In [4]:
# !pip install -U sentence-transformers

In [1]:
from sentence_transformers import SentenceTransformer
model = SentenceTransformer('all-MiniLM-L6-v2')

In [55]:
sentences = ['This framework generates embeddings for each input sentence',
    'Sentences are passed as a list of string.', 
    'The quick brown fox jumps over the lazy dog.']
sentences_1 = ['This framework generates embeddings for each input sentence',]

In [2]:
sentence_embeddings = model.encode(sentences)

In [3]:
sentence_embeddings.shape

(3, 384)

In [5]:
type(sentence_embeddings)

numpy.ndarray

In [32]:
import apache_beam as beam
from apache_beam.runners.interactive.interactive_runner import InteractiveRunner
import apache_beam.runners.interactive.interactive_beam as ib

In [33]:
from apache_beam.options.pipeline_options import PipelineOptions

In [58]:
p = beam.Pipeline(InteractiveRunner(), options=PipelineOptions())

In [59]:
output = p | beam.Create(sentences) | beam.Map(lambda x: [model.encode(x)])



In [60]:
output1 = p | beam.Create(sentences_1) | beam.Map(lambda x: [model.encode(x)])

In [61]:
ib.show_graph(p)

huggingface/tokenizers: The current process just got forked, after parallelism has already been used. Disabling parallelism to avoid deadlocks...
	- Avoid using `tokenizers` before the fork if possible
	- Explicitly set the environment variable TOKENIZERS_PARALLELISM=(true | false)
/usr/local/bin/dot
huggingface/tokenizers: The current process just got forked, after parallelism has already been used.
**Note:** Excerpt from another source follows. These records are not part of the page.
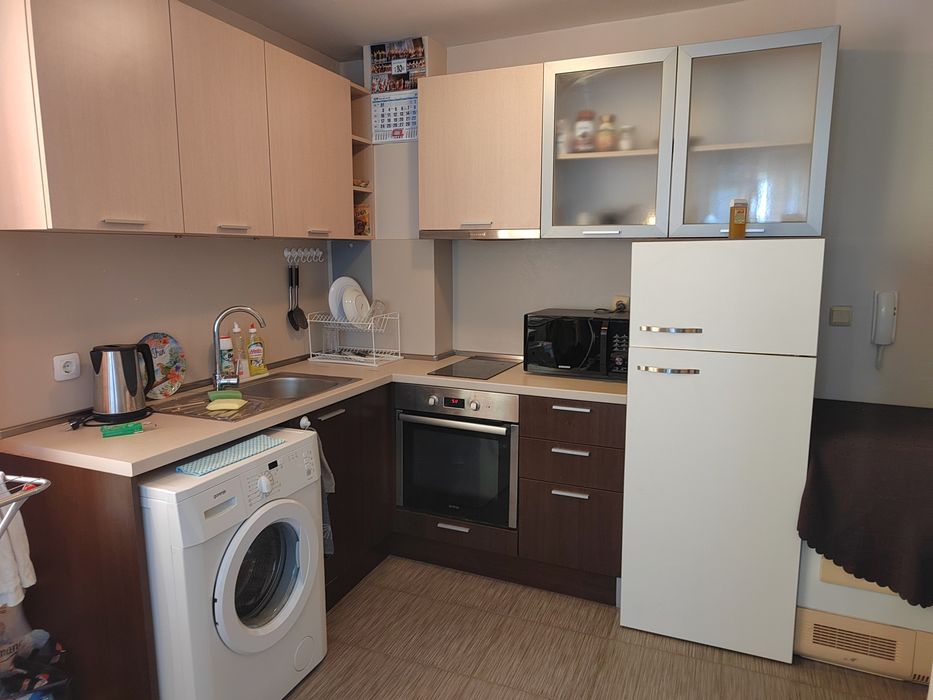 Дава се под наем Двустаен апартамент в Варна, Център - 55 кв.м за 309.06 € - Снимка #2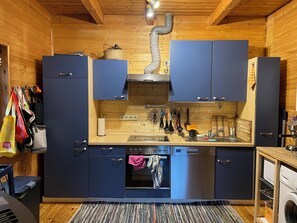 Horno, parrilla de estufa y lavavajillas 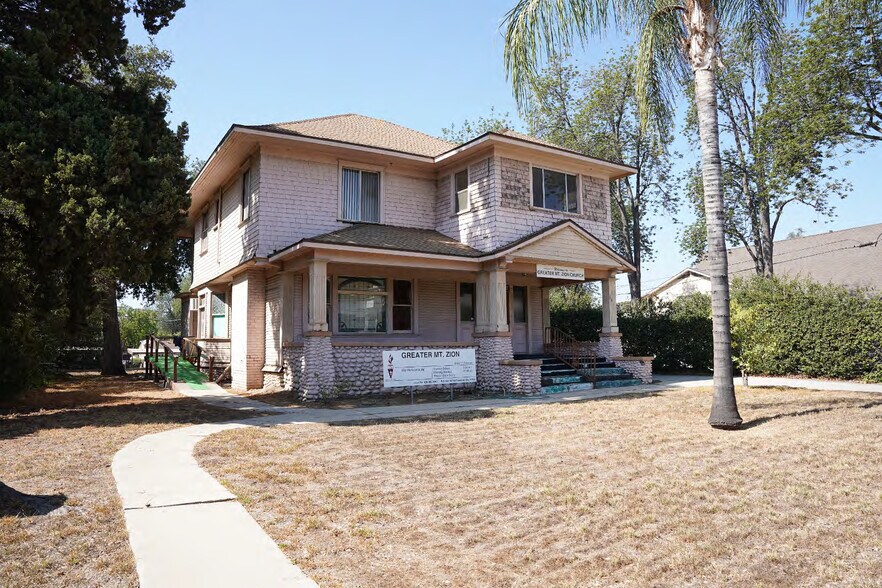 1429 N Fair Oaks Ave, Pasadena, CA à vendre - Photo du bâtiment - Image 1 de 8
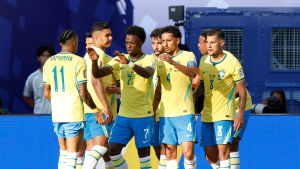 Seleção brasileira de futebol reunida em campo, com jogadores usando uniforme amarelo e azul, posando durante treino ou partida contra o Haiti pela Copa do Brasil.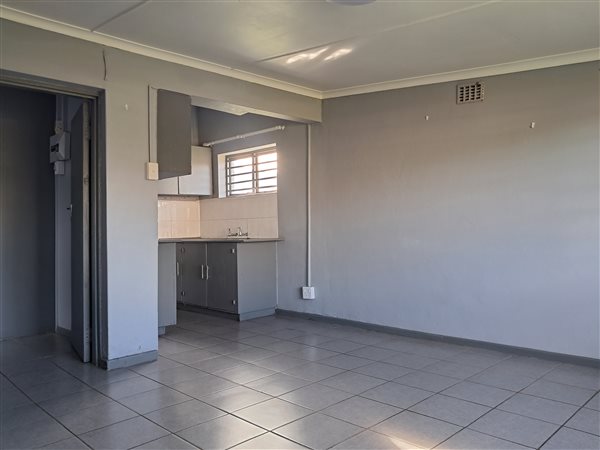 1 Bedroom Flat 1 Bedroom Flat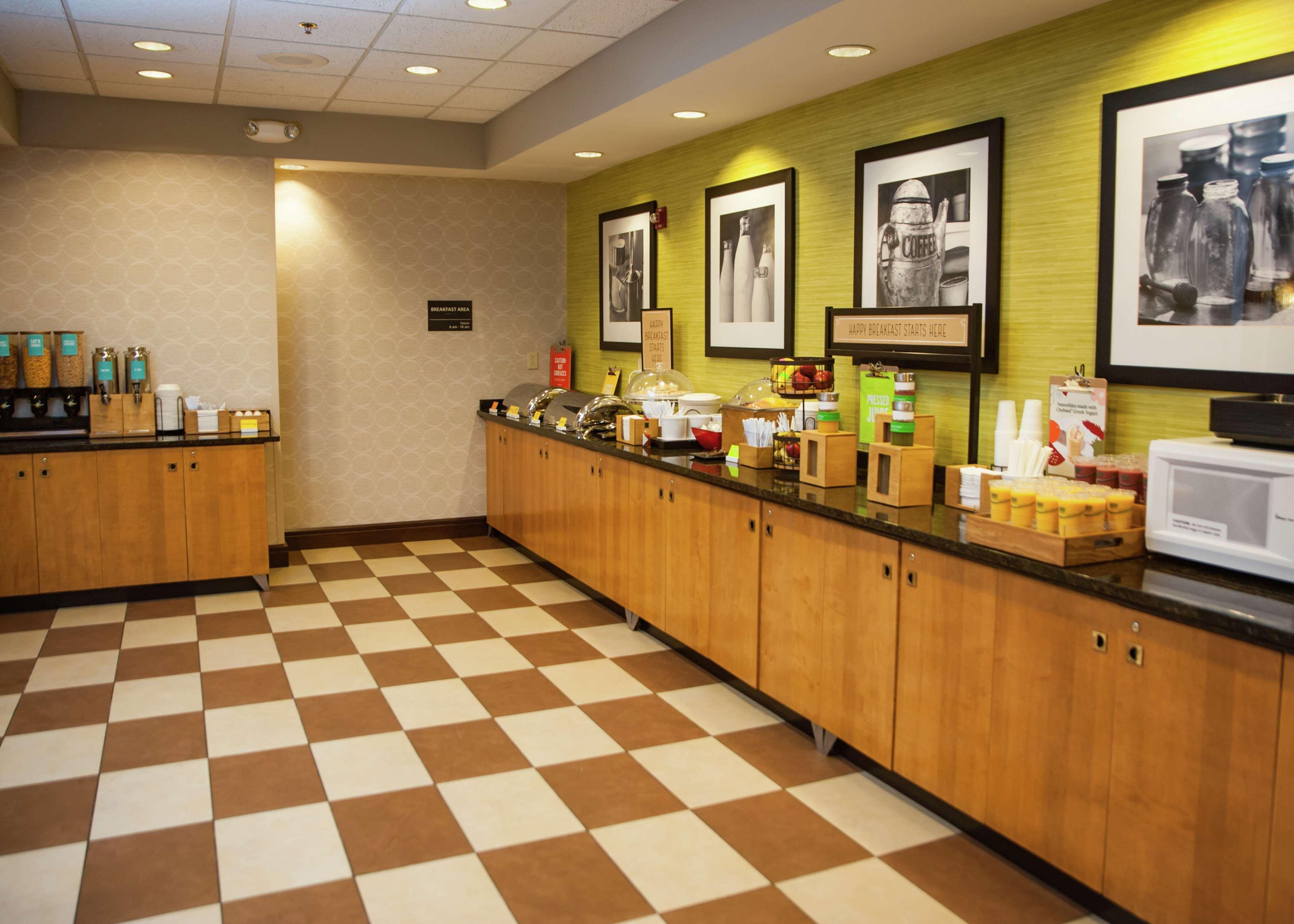Hampton Inn Norfolk Bagian luar foto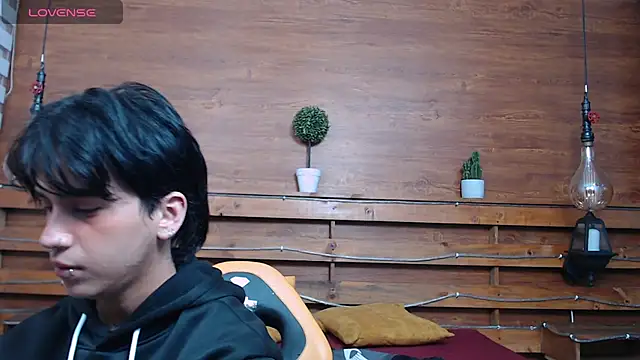 alex 477 online show from 11/05/25, 11:43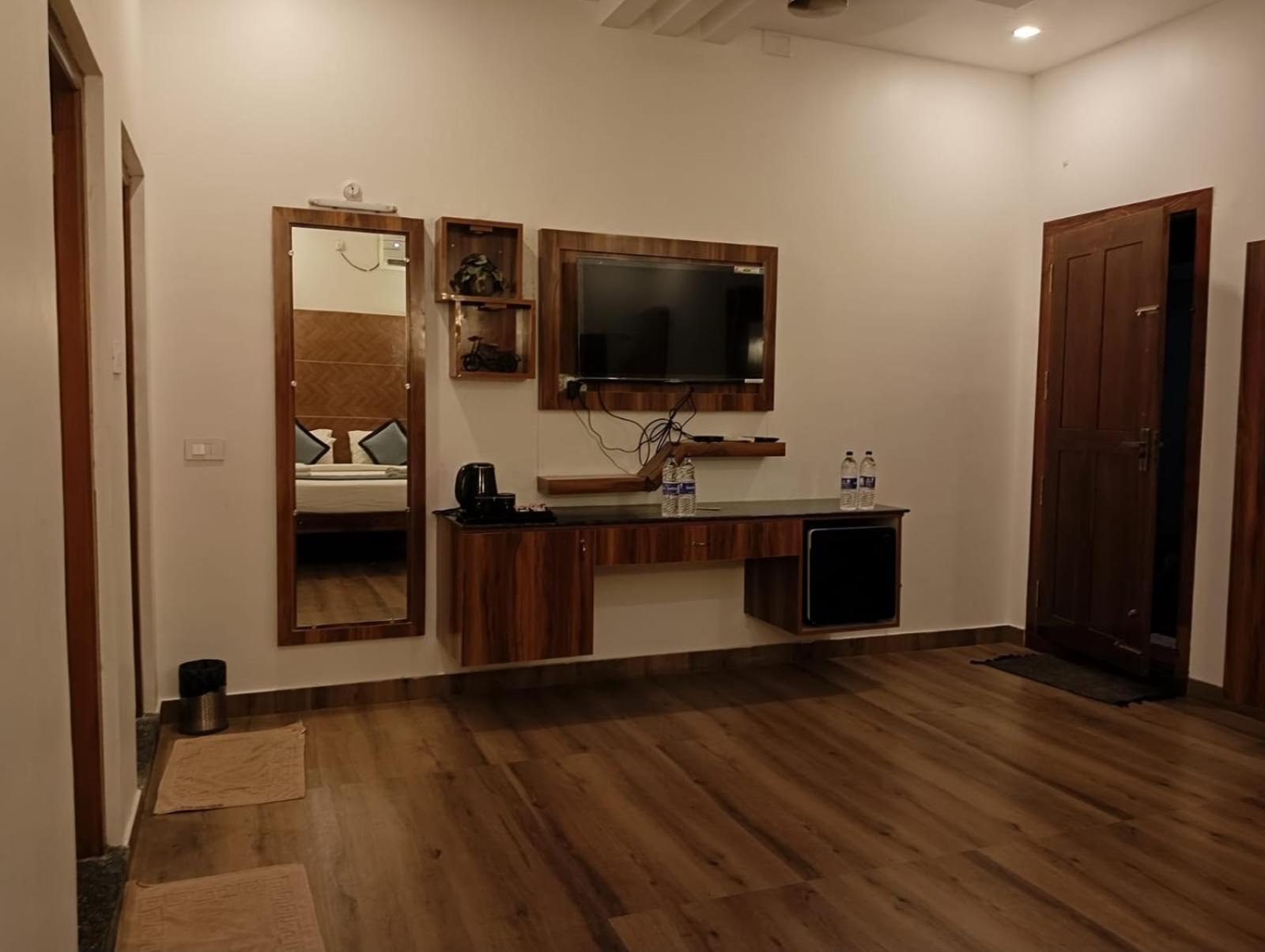 Grb Resort Tiruchchendūr Стая снимка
Disabling parallelism to avoid deadlocks...
	- Avoid using `tokenizers` before the fork if possible
	- Explicitly set the environment variable TOKENIZERS_PARALLELISM=(true | false)


In [62]:
res = ib.collect(output)



In [63]:
res.shape

(3, 1)

In [64]:
res

Unnamed: 0,0
0,"[-0.013717369, -0.042851534, -0.015628567, 0.0..."
1,"[0.0564525, 0.055002406, 0.03137959, 0.0339485..."
2,"[0.04393355, 0.058934387, 0.048178356, 0.07754..."


In [65]:
res1 = ib.collect(output1)



In [66]:
res1

Unnamed: 0,0
0,"[-0.013717369, -0.042851534, -0.015628567, 0.0..."


In [95]:
from sentence_transformers import util

# Any user-defined function.
# cross join is used as an example.
def cross_join(left, rights):
    for x in rights:
        yield (left, x)
    
comb_result = (
    output
    | 'ApplyCrossJoin' >> beam.FlatMap(
        cross_join, rights=beam.pvalue.AsIter(output1))
    | "Cosine" >> beam.Map(lambda x: float(util.cos_sim(x[0], x[1])[0][0])))

In [96]:
sim_res = ib.collect(comb_result)



In [97]:
sim_res[0]

0    1.000000
1    0.538079
2    0.118056
Name: 0, dtype: float64

In [98]:
type(comb_result)

apache_beam.pvalue.PCollection

In [116]:
from pydantic import BaseModel, Field
from typing import List, Any

class Block(BaseModel):
    source: List["Block"] = []
    target: List["Block"] = []
    operation: beam.ParDo
    
    class Config:
        arbitrary_types_allowed = True

In [119]:
class SentenceEmbeddingBlock(Block):
    operation: beam.ParDo = Field(default=beam.Map(lambda x: [model.encode(x)]))

In [120]:
embed = SentenceEmbeddingBlock()

In [121]:
embed

SentenceEmbeddingBlock(source=[], target=[], operation=<ParDo(PTransform) label=[Map(<lambda at 2263565550.py:2>)] at 0x16c88f610>)

In [138]:
class BlockAssembler:
    def __init__(self, blocks: List[Block]):
        self.blocks = blocks
    @classmethod
    def Sequential(cls, blocks: List[Block]):
        # connect all the blocks using the list order
        for i, block in enumerate(blocks):
            if i > 0:
                block.source = [blocks[i-1]]
            if i < (len(blocks)-1):
                block.target = [blocks[i+1]]
        return cls(blocks)

In [139]:
blocks = BlockAssembler.Sequential([embed])

In [140]:
blocks.blocks

[SentenceEmbeddingBlock(source=[], target=[], operation=<ParDo(PTransform) label=[Map(<lambda at 2263565550.py:2>)] at 0x16c88f610>)]

In [128]:
# TODO: IO blocks for beam.Create?


In [127]:
# TODO: compile blocks to get the final Beam pipeline

In [132]:
test = [1, 2, 3, 4]
for i, t in enumerate(test[1:]):
    print(i, t)

0 2
1 3
2 4